The Mayo Clinic describes a
hoarder as a person who survives in cluttered living spaces, moves items from
one pile to another without the ability to throw anything away, acquires
seemingly useless items, empty boxes, wrappers, trash, newspapers, magazines,
bits of paper, discarded old toys, ratty clothes, household supplies, and spoiled
food. Such a hoarder would buy, search for, and store items of little to no
value.
It is alleged that there are
more males than females who exhibit such a disorder and 2-6% of the population
exhibits hoarding disorders. Causes of hoarding may include heredity, brain
damage, serotonin issues, and other medical conditions.
The primary fears of the disposophobic
are losing things and disposing of useless personal possessions.
Merriam Webster dictionary
defines hoarding as a psychological compulsion to continually accumulate a variety
of items often considered worthless by others coupled with an inability to
discard the items without great distress. Such distress affects the hoarder’s
health, career, and relationships with family members and others.
A person with dementia is
more likely to hoard because of the anxiety that he/she might lose something.

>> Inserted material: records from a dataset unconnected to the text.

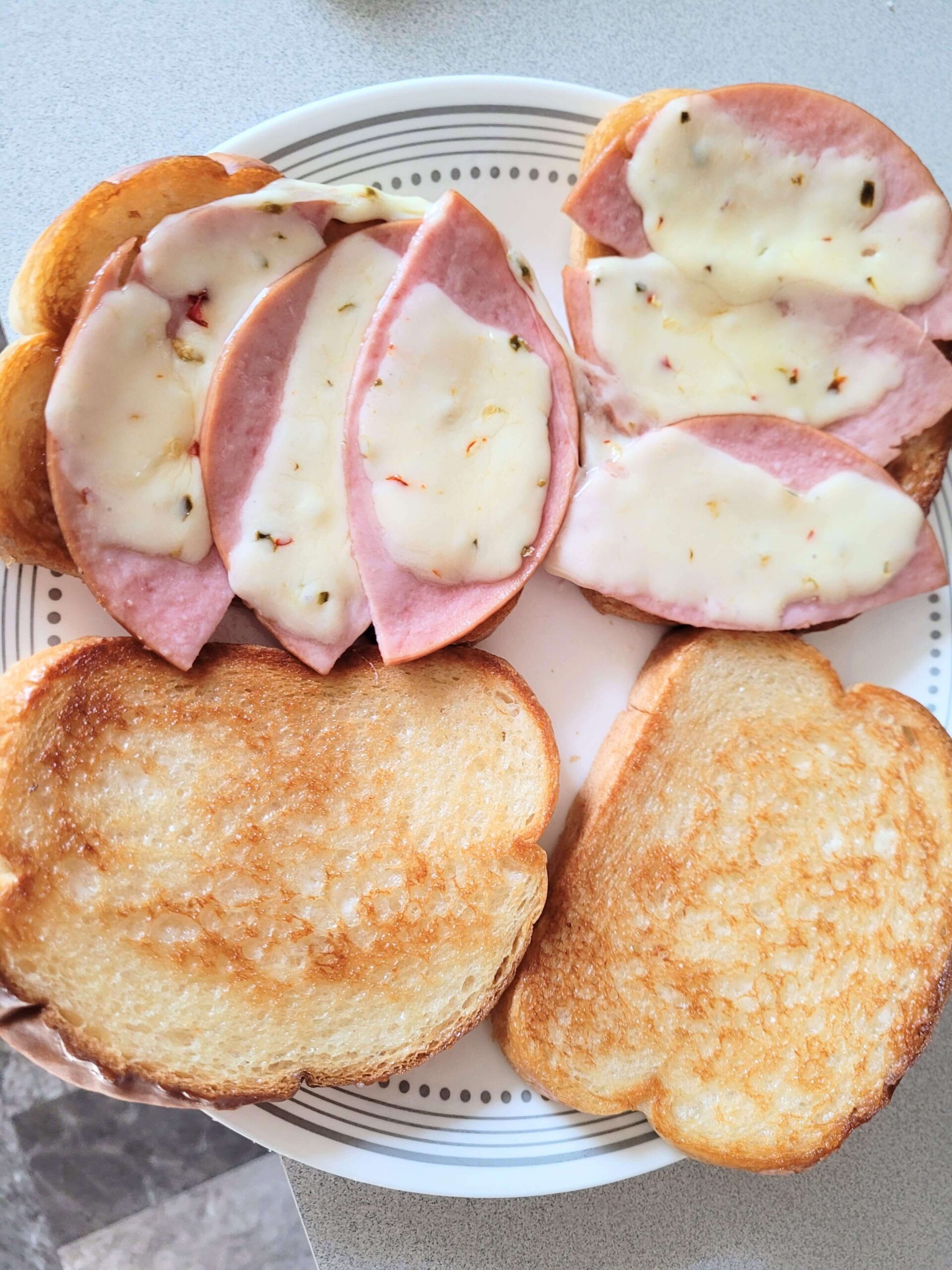 pig each sandwich open face on a plate with bread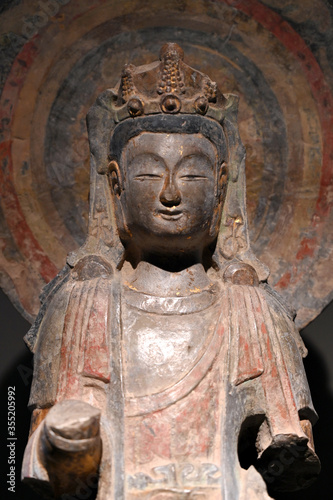 Close-up of the head of a bodhisattva carved in stone in an ancient Chinese Buddhist temple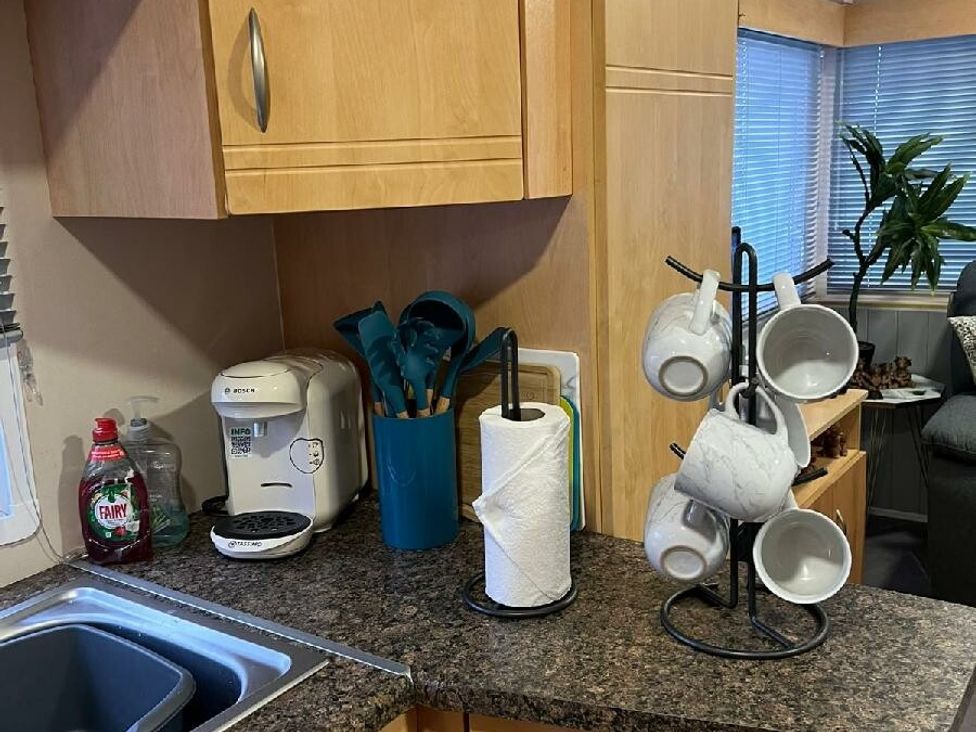 a kitchen counter with utensils, a coffee maker, paper towels, and a mug holder at Three Lochs Holiday Park - Holiday Accommodation 17424 in Stranraer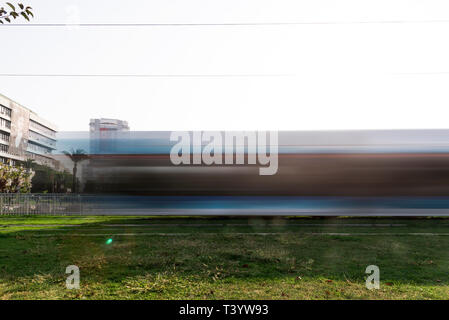 Izmir, Türkei - 10. November 2018: Lange Belichtung Foto von Izmir Straßenbahn auf der Bahn mit Gras. Die Straßenbahn ist Bewegung verwischt. Stockfoto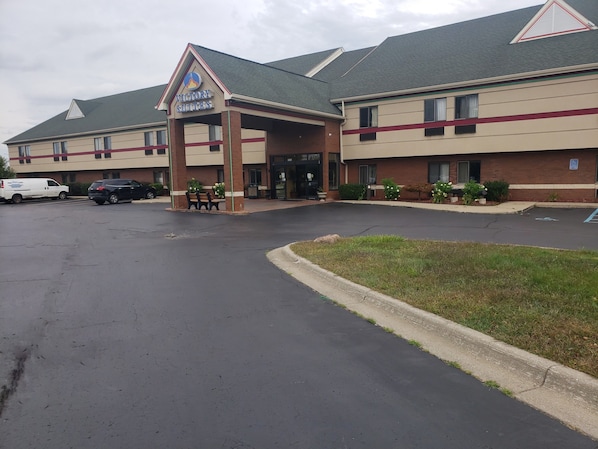Hotel com entrada coberta, estacionamento e área gramada.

At the same time, piles of belongings may give them comfort. Alzheimer’s
patients often hide the things they hoard, forget where they put them, and then
accuse family or imaginary people of having taken them – food, clothing, money,
and other possessions they deem valuable.
In our society, food
hoarding occurs in children for reasons of neglect, deprivation, chaotic or
disrupted home environments, difficulties in schools, disordered eating, and
other psychological problems. Most adults hoard and hide food due to an eating
disorder.
Adults who survived food
deprivation under communist regimes where food shortages and famine were
common, tended to hoard food to divide it among loved ones to make sure they had
something to eat even during hard times when pantry and store shelves were bare,
and food could not be bought or found. The intent was to avoid starvation.
Throughout history, when governments have intervened in the
smooth operation of free markets based on supply and demand, the results have
been disastrous, not the least of which are hoarding and the emergence of black
markets. I am not talking about the psychological problems of hoarding personal
items when people have a hard time getting rid of anything they own, I am
talking about reality-based hoarding, the result of fear of shortage or
imminent societal collapse.
Natural disasters such as announced hurricanes or tornadoes
often compel people to buy excessive food, bottled water, gasoline, a
generator, milk, but especially toilet paper. Civil unrest or fear of disease
such as this corona pandemic can also force people to hoard food and other
necessities, including toilet paper. In a category of its own are the preppers
who are ready for any end of the world, political holocaust unrest scenario.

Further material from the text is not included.